She said in the past few years she’s watched as her reach on her social media sites, Facebook and Twitter, has been artificially deppressed. “I can now see when I upload something on Twitter, and I’ve been on it since pretty much the start, it will get a few thousand impressions. And then I’ll post the same thing on Parler and it will get 2.1 million views. We can now see the impact that Big Tech has had on some of us.”
Just as traditional media dropped all objectivity in 2016, Attkisson said, Big Tech lost it in the weeks leading up to the 2020 election. They are no longer hiding their bias in algorithms meant to suppress conservative content. Most famously, Twitter censored the New York Post’s Hunter and Joe Biden corruption story. According to a post-election survey conducted by the Media Research Center 82 percent of voters were completely unaware of Trump’s successes, Biden’s corruption and the far left politics of his running mate, Kamala Harris. One in six, 17 percent, Biden voters said they would NOT have voted for Joe if they had known about one or more of these stories.
Attkisson says there is no doubt the press inappropriately covered this past election. She recalled how in the weeks and months leading up to the election, the media was warning us about possible interference from Russia and China.
“Any rational journalist would have gone into this election on high alert looking for any mischief,” Attkisson said, “whether committed by the Biden campaign, the Trump campaign or by foreign entities. Instead, we have this unprecedented election where one person is ahead by a lot on election night and then in the next few days, as counting is stopped, and then started, and observers are blocked, the other candidate pulls into a strong lead. That doesn’t mean there was fraud, but it certainly is reason for the media to be skeptical. Instead, the media collectively shrugged their shoulders and said, ‘Who cares? It’s over.’”
Attkisson said she’s confident that Americans aren’t blindly accepting the narrative of biased media outlets. She points to the fact that Trump got 11 million more votes in 2020 compared to four years ago much of it from the African-American and Latino communities.

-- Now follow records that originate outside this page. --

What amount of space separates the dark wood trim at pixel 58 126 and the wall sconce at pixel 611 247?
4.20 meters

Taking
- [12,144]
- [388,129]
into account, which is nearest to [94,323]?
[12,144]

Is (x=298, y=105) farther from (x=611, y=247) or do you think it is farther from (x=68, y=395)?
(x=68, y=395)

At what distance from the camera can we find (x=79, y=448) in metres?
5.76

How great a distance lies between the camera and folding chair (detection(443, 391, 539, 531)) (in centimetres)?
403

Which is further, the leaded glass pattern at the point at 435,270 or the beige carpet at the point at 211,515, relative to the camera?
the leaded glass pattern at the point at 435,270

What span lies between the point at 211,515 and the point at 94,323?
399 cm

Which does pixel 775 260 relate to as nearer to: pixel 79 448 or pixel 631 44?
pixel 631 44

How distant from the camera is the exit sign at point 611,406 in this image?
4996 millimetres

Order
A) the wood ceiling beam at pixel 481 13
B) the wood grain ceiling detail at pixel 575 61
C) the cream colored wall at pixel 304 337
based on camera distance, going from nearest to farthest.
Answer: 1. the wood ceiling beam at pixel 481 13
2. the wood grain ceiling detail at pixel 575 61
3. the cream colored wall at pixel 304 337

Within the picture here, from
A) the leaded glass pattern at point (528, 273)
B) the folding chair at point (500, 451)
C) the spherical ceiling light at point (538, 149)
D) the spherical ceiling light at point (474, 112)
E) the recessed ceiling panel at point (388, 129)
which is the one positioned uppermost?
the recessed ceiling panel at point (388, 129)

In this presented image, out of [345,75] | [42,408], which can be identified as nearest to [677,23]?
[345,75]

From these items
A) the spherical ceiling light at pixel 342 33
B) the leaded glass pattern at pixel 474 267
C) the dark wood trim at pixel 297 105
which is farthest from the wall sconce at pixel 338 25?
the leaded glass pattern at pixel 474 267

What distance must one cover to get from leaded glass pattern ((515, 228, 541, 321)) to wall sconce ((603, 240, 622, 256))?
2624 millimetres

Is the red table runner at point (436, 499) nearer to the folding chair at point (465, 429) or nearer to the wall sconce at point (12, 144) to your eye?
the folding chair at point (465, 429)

Attkisson warns Americans not to live in what she calls “the box,” of the internet news world. “It is not a real reflection of is going on in society. It is designed to give you a certain picture, to make you feel like you are an outlier.” She describes it as a “managed reality” that doesn’t reflect the reality of our outside lives. She urges Americans to “stay grounded in the friends and families and trust what you see there.”